Il ricorso merita accoglimento.
Deve ricordarsi preliminarmente che, in tema di sequestro preventivo, la verifica delle condizioni di legittimità della misura cautelare, da parte del Tribunale del riesame e di questa Corte, non può tradursi in anticipata decisione della questione di merito, dovendosi limitare alla verifica della compatibilità tra la fattispecie concreta e quella legale ipotizzata, mediante una valutazione prioritaria dell'antigiuridicità penale del fatto (SS.UU., 7 novembre 1992, Midolini), ne' sono estensibili alle misure cautelari reali le condizioni generali per l'applicabilità di quelle personali, indicate nell'art. 273 c.p.p., per cui è preclusa ogni valutazione riguardo alla sussistenza degli indizi di colpevolezza, alla gravità di essi ed alla colpevolezza dell'indagato (SS.UU., 23 aprile 1993, Gifuni).
Tanto premesso, per quanto concerne la sussistenza del rumus delicti s'impone una ulteriore precisazione: l'1/8/2004, e cioè poco dopo l'esecuzione del sequestro de quo è entrato in vigore il d.l.vo 21 maggio 2004, n. 172, che ha espressamente abrogato (all'art. 12) il d.l.vo n. 115/1995, per cui deve tenersi conto di tale novatio legis nel verificare l'astratta configurabilità del reato ipotizzato.

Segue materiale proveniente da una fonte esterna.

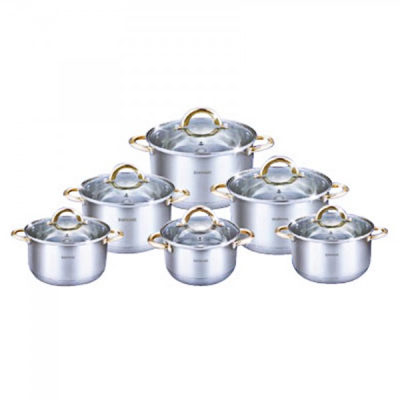 Set Vase Inox cu Capac si Manere Aurii 12 Piese Bohmann BH1212PG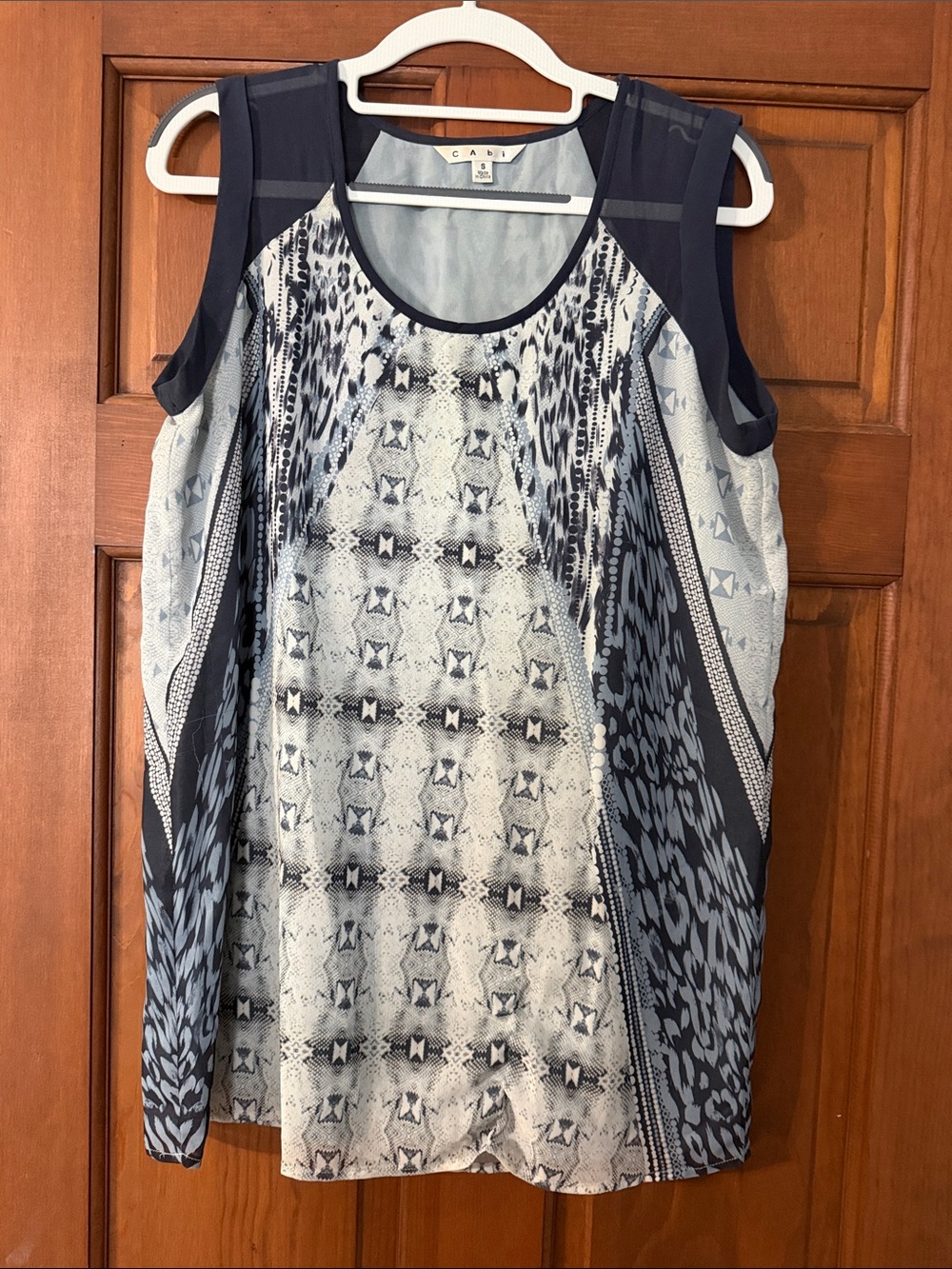 CAbi Navy & Light Blue Mixed Print Sleeveless Shell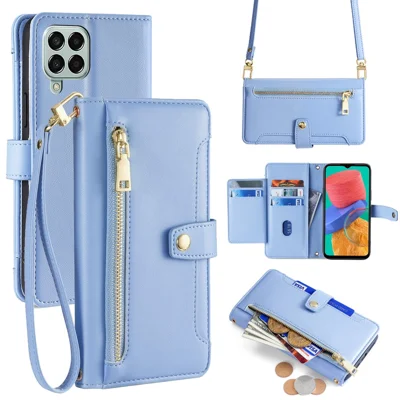 For Samsung Galaxy M33 5G (Global Version) Cell Phone Case Textured Leather Stand Cover with 2 Straps - Blue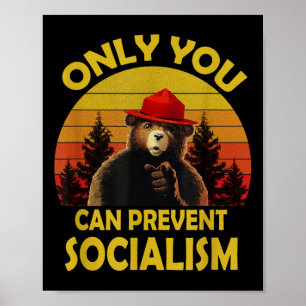 Poster Ours vintage drôle Seul vous pouvez empêcher le so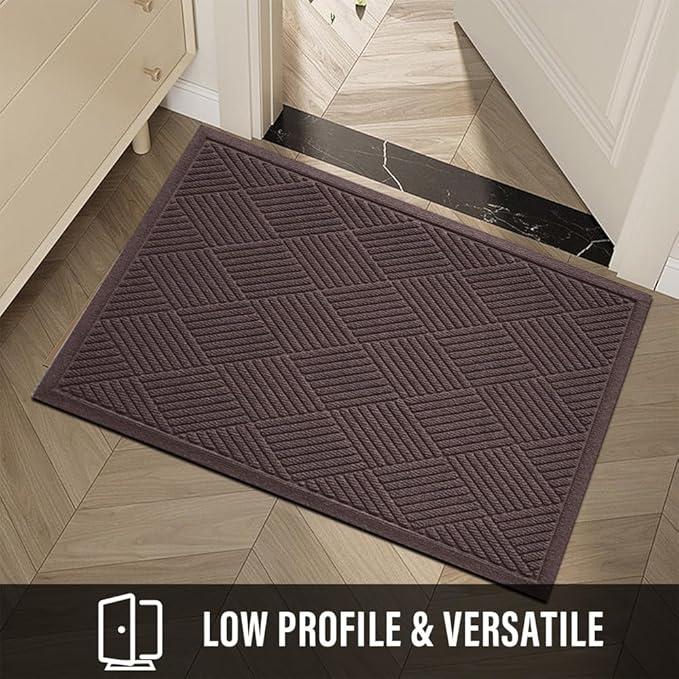 HIYARD Sturdy Front Door Mat, Absorbent Muddy Dirt Resist Welcome Door Mats Outdoor Indoor, Stain and Fade Resistant, Non-Slip Rubber Backing Low Profile Doormat for Entryway, 36×24, Coffee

Ebbene, ritiene il Collegio che tra i due decreti legislativi, benché diversamente articolati, vi sia sicuramente continuità normativa; in particolare le condotte penalmente vietate dal decreto del '95 continuano ad esserlo ai sensi del nuovo decreto, che anzi le individua piu' specificamente, comminando in complesso sanzioni più gravi. Nulla cambia, quindi, per quanto concerne la fattispecie in esame.

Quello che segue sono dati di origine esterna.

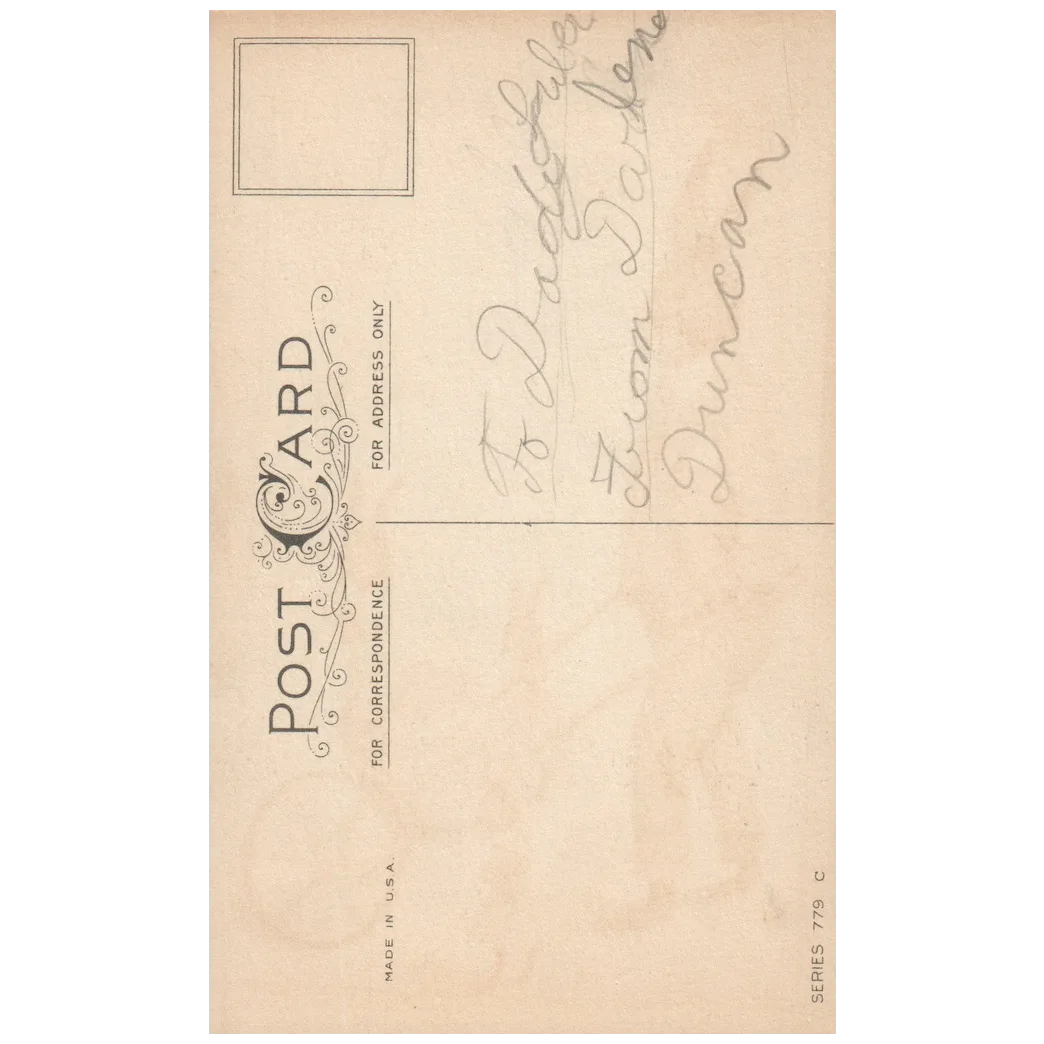 Stetcher Dressed Easter Bunny Father with children delivering eggs Postcard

Il reato ipotizzato è ora previsto, dunque, dall'art. 11, comma 2^, d.l.vo n. 172/2004.
In ordine alla sussistenza del fumus delicti, il P.M. ha dedotto una serie di argomentazioni di carattere tecnico che, ad avviso del Collegio, non sono state proprio prese in considerazione dal Tribunale, essendosi i giudici limitati a manifestare dubbi, con malcelata ironia ("...tale ing. Filippo Moscarini..."), sulla professionalità del CT scelto dalla Procura, senza però specificarne i motivi, e a definire "empiriche" le valutazioni effettuate dallo stesso, ma ancora una volta senza spiegarne le ragioni, anzi tentando di farlo con considerazioni risibili, quali quelle che la legge prevede rigorosi controlli amministrativi sui prodotti posti in commercio e che, in diversi anni, erano stati accertati solo due incidenti che avevano visto coinvolte autovetture dotate dei bloccasterzi in questione. Ritiene il Collegio che tale motivazione sia solo apparente, come pure quella relativa alla sussistenza delle esigenze cautelari, che sostanzialmente ad essa si collega, secondo cui la prevista attivazione delle procedure di controllo sui prodotti commercializzati escluderebbe qualsiasi possibilità di periculum.

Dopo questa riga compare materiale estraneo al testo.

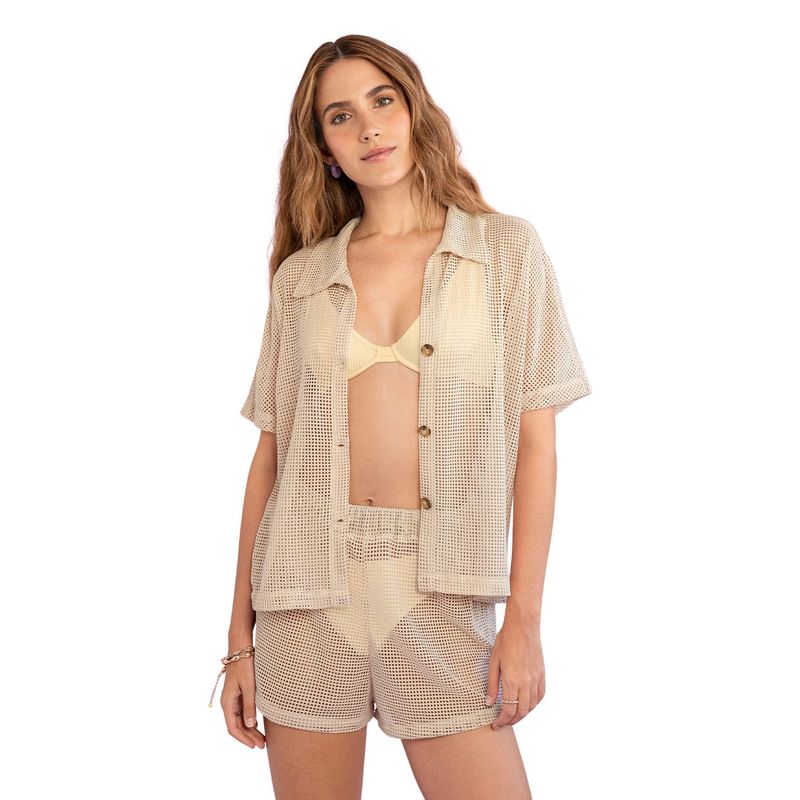 LEONISA - Leonisa Camiseta en malla con botones tipo carey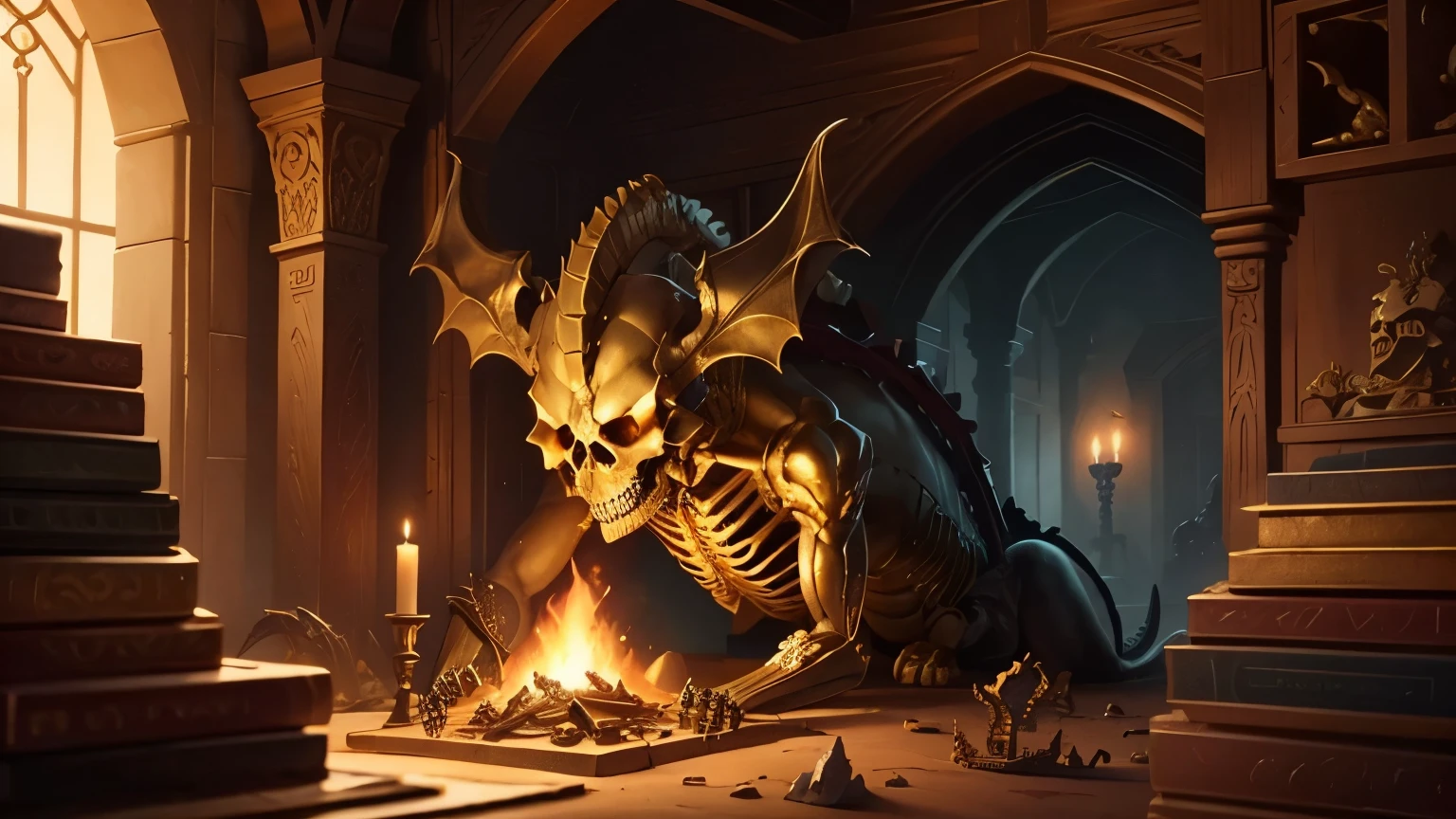 Dragon lair, treasures, gold, skeletons, fantasy, masterpiece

Non trovano dunque risposta nel gravato provvedimento, lo si ripete, le analitiche argomentazioni del P.M. relative alla concreta pericolosità degli antifurto in questione, almeno per quanto dallo stesso accertato, attraverso il proprio CT, nella fase delle indagini preliminari. Ad esempio, che per il loro funzionamento (e perciò anche per la disattivazione) deve farsi ricorso ad una chiave diversa da quella di avviamento del motore, col rischio di partenze del veicolo col bloccasterzo innestato; che la loro installazione sul piantone dello sterzo avviene senza approvazione della casa costruttrice del veicolo e senza omologazione alcuna, o addirittura su altro piantone non originale montato in sostituzione del primo, la qual cosa potrebbe pregiudicare il previsto collassamento dello sterzo in caso di incidente o usurare in modo non calcolato diversi organi meccanici; che non sarebbe neppure escluso l'inserimento accidentale dell'antifurto durante la guida, con evidenti rilevanti conseguenze.
Dunque il Tribunale, nuovamente valutando le considerazioni in fatto prospettate dal P.M., dovrà spiegare se, allo stato delle indagini, sia ipotizzabile il reato de quo, alla luce delle definizioni di "prodotto pericoloso" e "prodotto sicuro" fornite dall'art. 2 del recente d.l.vo n. 172/2004; parimenti, con riferimento alla sussistenza del periculum, i giudici del riesame dovranno valutare l'eventuale concreto rischio connesso all'ulteriore utilizzo dei congegni in questione, essendo sostanzialmente una non motivazione quella secondo cui l'espressa previsione - ad opera del d.l.vo 115/1995 (ed ora anche del nuovo decreto) - di una procedura di controllo, da parte dell'autorità amministrativa, dei prodotti immessi sul mercato eliminerebbe qualsiasi rischio e quindi la stessa necessità della misura cautelare. In tal modo, infatti, si da per scontata l'effettuazione di una serie di controlli, che - come dimostra proprio la fattispecie in esame - può anche mancare, subordinando in definitiva ad una pregiudiziale tecnico- amministrativa l'azione penale, pure in quelle situazioni emergenziali che invece la richiederebbero.
P.Q.M.
La Corte annulla l'ordinanza impugnata con rinvio al Tribunale di Napoli per nuovo esame.
Così deciso in Roma, il 12 gennaio 2005.